As shown in FIG. 1, the package 25 continues traveling along conveyor 27, it next 
encounters labeling station 18 where an operator scans the machine readable symbol 46a to 
recall package record database 37 associated with the imaged form. In most cases this will 
entail reading a bar code on the object. When the bar code is read, a lookup is performed 
against the package record database 37 of decoded entries. A routing label is then produced if 
the entry is located and all required information is available. If the entry is located, but there 
is insufficient information to generate a routing label, an exception label is generated. After 
being labeled with an exception label, the object is forwarded to an exception handling station 
16. Once the anomaly is corrected, the package record database 37 entry is updated, and a 
new routing label is created and printed using an appropriate printer such as a bar code printer 
(not shown). The routing label is applied to the package and then utilized by human operators 
located at package loading station 20 to properly route the forms with their corresponding 
packages to the proper location, and track its progress. 
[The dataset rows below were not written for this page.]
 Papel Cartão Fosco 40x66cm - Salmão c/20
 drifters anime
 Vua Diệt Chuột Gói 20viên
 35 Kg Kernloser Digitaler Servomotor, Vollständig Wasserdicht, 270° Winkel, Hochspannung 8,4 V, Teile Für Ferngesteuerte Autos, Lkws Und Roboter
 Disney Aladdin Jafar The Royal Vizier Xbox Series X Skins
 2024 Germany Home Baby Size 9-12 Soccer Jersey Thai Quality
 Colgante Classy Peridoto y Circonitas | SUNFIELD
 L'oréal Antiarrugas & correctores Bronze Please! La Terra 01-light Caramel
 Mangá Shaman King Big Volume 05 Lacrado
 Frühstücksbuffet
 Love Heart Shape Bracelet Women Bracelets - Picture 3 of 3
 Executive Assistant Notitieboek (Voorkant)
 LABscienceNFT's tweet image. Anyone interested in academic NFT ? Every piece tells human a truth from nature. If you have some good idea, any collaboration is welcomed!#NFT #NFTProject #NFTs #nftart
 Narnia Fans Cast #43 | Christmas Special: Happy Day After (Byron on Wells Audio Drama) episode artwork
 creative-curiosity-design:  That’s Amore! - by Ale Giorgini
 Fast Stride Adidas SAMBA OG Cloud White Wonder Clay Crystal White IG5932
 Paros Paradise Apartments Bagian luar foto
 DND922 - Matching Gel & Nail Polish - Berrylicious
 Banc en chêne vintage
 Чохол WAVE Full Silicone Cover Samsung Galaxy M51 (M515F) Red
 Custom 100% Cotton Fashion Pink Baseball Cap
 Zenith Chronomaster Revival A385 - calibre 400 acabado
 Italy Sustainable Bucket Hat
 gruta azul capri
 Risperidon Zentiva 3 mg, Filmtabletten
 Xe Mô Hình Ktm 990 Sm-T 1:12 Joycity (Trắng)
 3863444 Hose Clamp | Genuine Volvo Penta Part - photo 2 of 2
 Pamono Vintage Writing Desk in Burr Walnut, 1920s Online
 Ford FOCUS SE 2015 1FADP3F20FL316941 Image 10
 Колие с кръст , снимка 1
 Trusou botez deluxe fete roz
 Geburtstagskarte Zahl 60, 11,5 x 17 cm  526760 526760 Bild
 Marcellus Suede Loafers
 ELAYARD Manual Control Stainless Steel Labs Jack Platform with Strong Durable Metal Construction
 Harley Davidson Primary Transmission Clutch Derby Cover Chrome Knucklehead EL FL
Throughout the process, from the placement of the packages on the conveyor 30 to 
arrival of package 25 at labeling station 18, package processing system 10 repeatedly monitors 
the progress of the packages and utilizes exception handling station 16 to correct anomalies, as 



-29- 

they arise. Exception handling station 16 is actually a combination of three other key 
components (secondary image capture, primary keying 14a, and labeling station 18). For these 
purposes, exceptions include situations where the form (airbill) image is not conclusively 
found, an un-enrolled form is identified, the OCR or ICR software fails to decode a character 
field with high confidence, or data decoded with high confidence is inconsistent (for example, 
an address that doesn't exist). Whenever an exception is identified, a human operator is 
notified to provide manual processing, an exception record is created, or both. 

From the foregoing description, it will be appreciated that the present invention 
provides an efficient system and method for reading package information. The present 
invention has been described in relation to particular embodiments which are intended in all 
respects to be illustrative rather than restrictive. Those skilled in the art will appreciate that 
many different combinations of hardware will be suitable for practicing the present invention. 
Many commercially available substitutes, each having somewhat different cost and 
performance characteristics, exist for each of the components described above. 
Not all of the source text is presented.